His "modern Turing test" proposal cuts through academic benchmarks with a brutally simple metric: can an AI turn $100K into $1M? 10x return on investment by an autonomous agent. He predicts this is "within view" in the next couple of years.
The most surprising admission? The plummeting cost of inference. He expected AI would be expensive for years. Instead we got 100x cost reduction in two years, with open-source models worth billions released for free. "That bit I totally got wrong."
On AI for science, he's more cautious - it's harder than economic tasks because there's less training data for novel discovery and the human-in-the-loop is harder to implement. But the combination of logical reasoning (from math/coding training) plus creative interpolation is "a lethal combination" for scientific progress.
6 Insights From Mustafa Suleiman on AI's Future
- Apps to agents - The fundamental transition is from user interfaces to AI agents that subsume all current software paradigms
- Modern Turing test - Economic benchmarks matter more than academic ones: can AI 10x your investment?

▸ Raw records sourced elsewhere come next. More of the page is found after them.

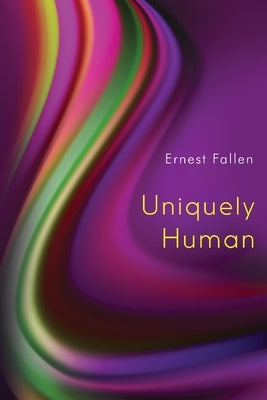 Uniquely Human by Fallen, Ernest
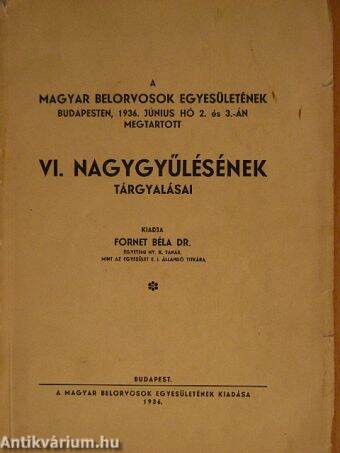 A Magyar Belorvosok Egyesületének Budapesten, 1936. június hó 2. és 3.-án megtartott VI. nagygyűlésének tárgyalásai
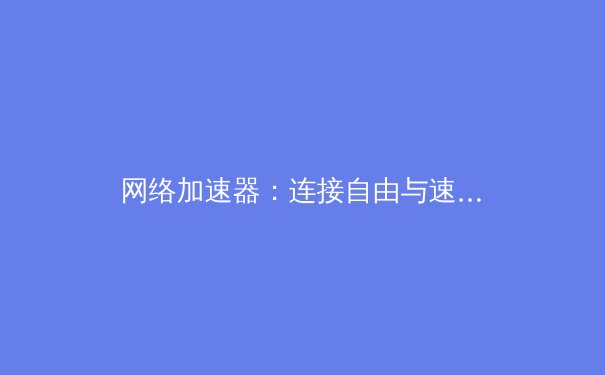 网络加速器：连接自由与速度的数字桥梁 - 3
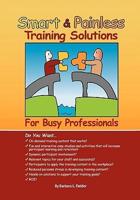 Smart &amp; Painless Training Solutions for Busy Professionals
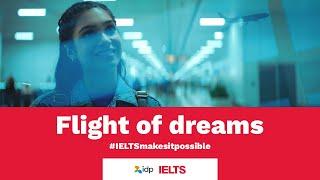 IELTS - Flight of Dreams || #IELTSmakesitpossible || IELTS by IDP || ENG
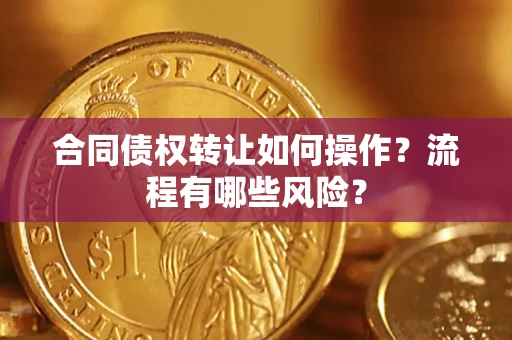 济南合同债权转让如何操作？流程有哪些风险？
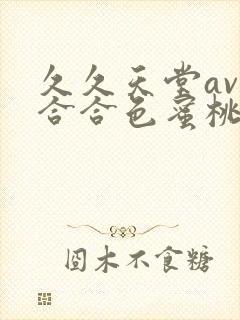 久久天堂av综合合色蜜桃网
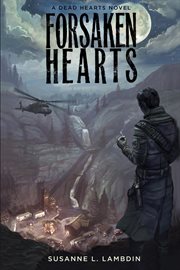 Forsaken hearts : a dead hearts novel. Vol. 2 cover image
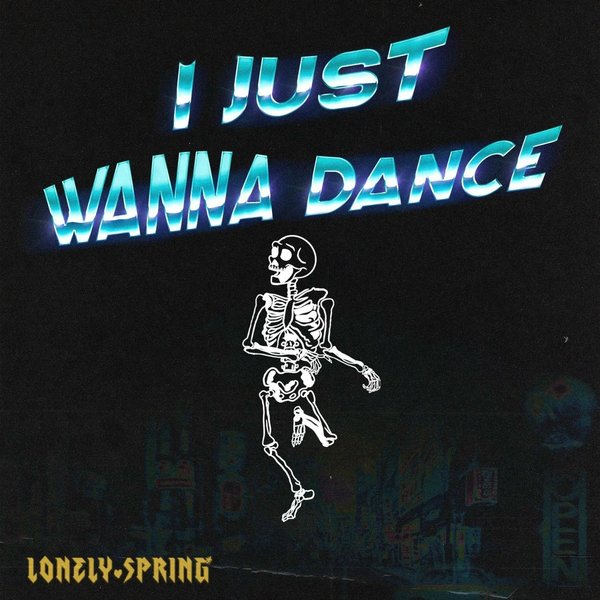 I Just Wanna Dance cover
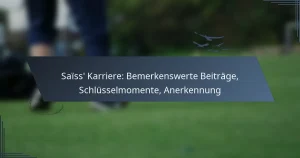 Saïss’ Karriere: Bemerkenswerte Beiträge, Schlüsselmomente, Anerkennung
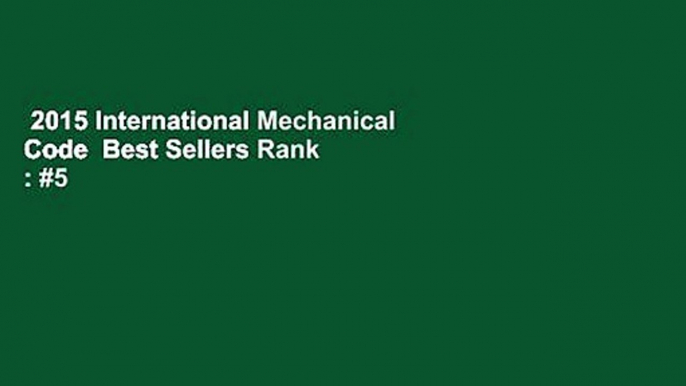 2015 International Mechanical Code  Best Sellers Rank : #5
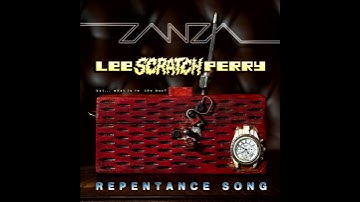ZANZA + Lee Scratch Perry : Repentance Song - Taster#1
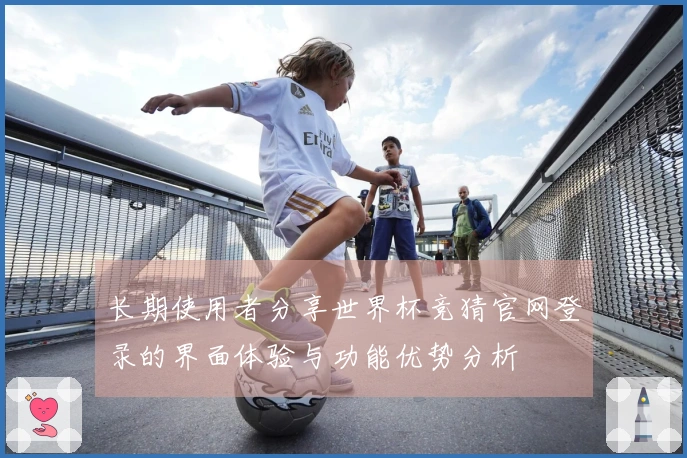 长期使用者分享世界杯竞猜官网登录的界面体验与功能优势分析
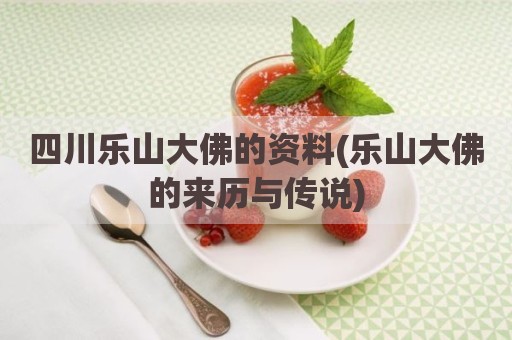 四川乐山大佛的资料(乐山大佛的来历与传说)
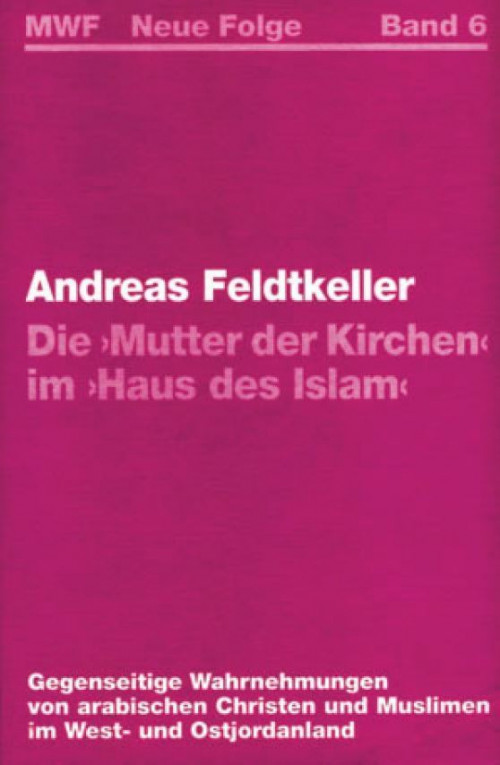 Andreas Feldtkeller Die Mutter der Kirchen im Haus des Islam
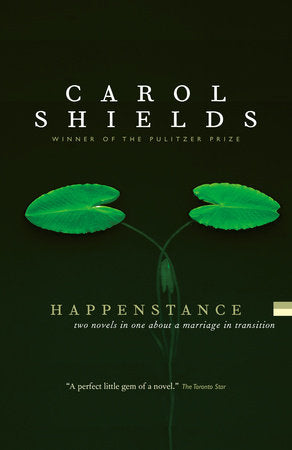 Happenstance Paperback by Carol Shields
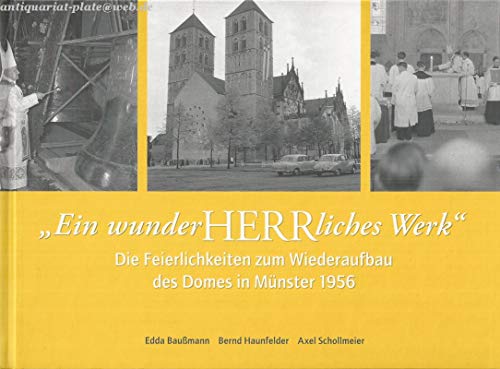 EIN WUNDERHERRLICHES WERK. die Feierlichkeiten zum Wiederaufbau des Domes in Münster 1956 - Baußmann, Edda; Haunfelder, Bernd; Schollmeier, Axel; ; [Hrsg.]: Stadtmuseum Münster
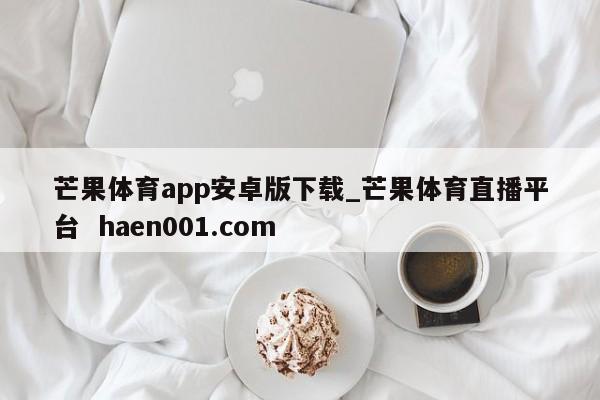 芒果体育app安卓版下载_芒果体育直播平台 haen001.com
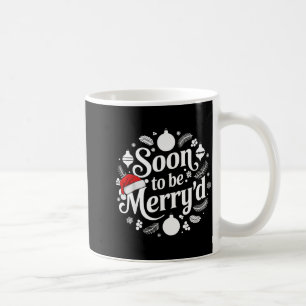 Soon to Be Merryd Christmas Engaged Matching Coffee Mug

- 2027 timeline - Agents that pass economic benchmarks are "within view" in the next couple of years
- Microsoft's bet - Being the trusted, steady platform for enterprise AI is the strategy, not racing on benchmarks
- Open source shock - Billion-dollar models released for free completely changed the competitive landscape
- Science is harder - AI for novel discovery lacks the training data and human-in-loop mechanics of business tasks
What This Means for Enterprise Software
We're transitioning from operating systems and apps to agents and companions. Every user interface will eventually be conversational. The "modern Turing test" - can an AI turn $100K into $1M? - cuts through academic benchmarks to ask what matters. A DeepMind co-founder thinks we'll pass it by 2027.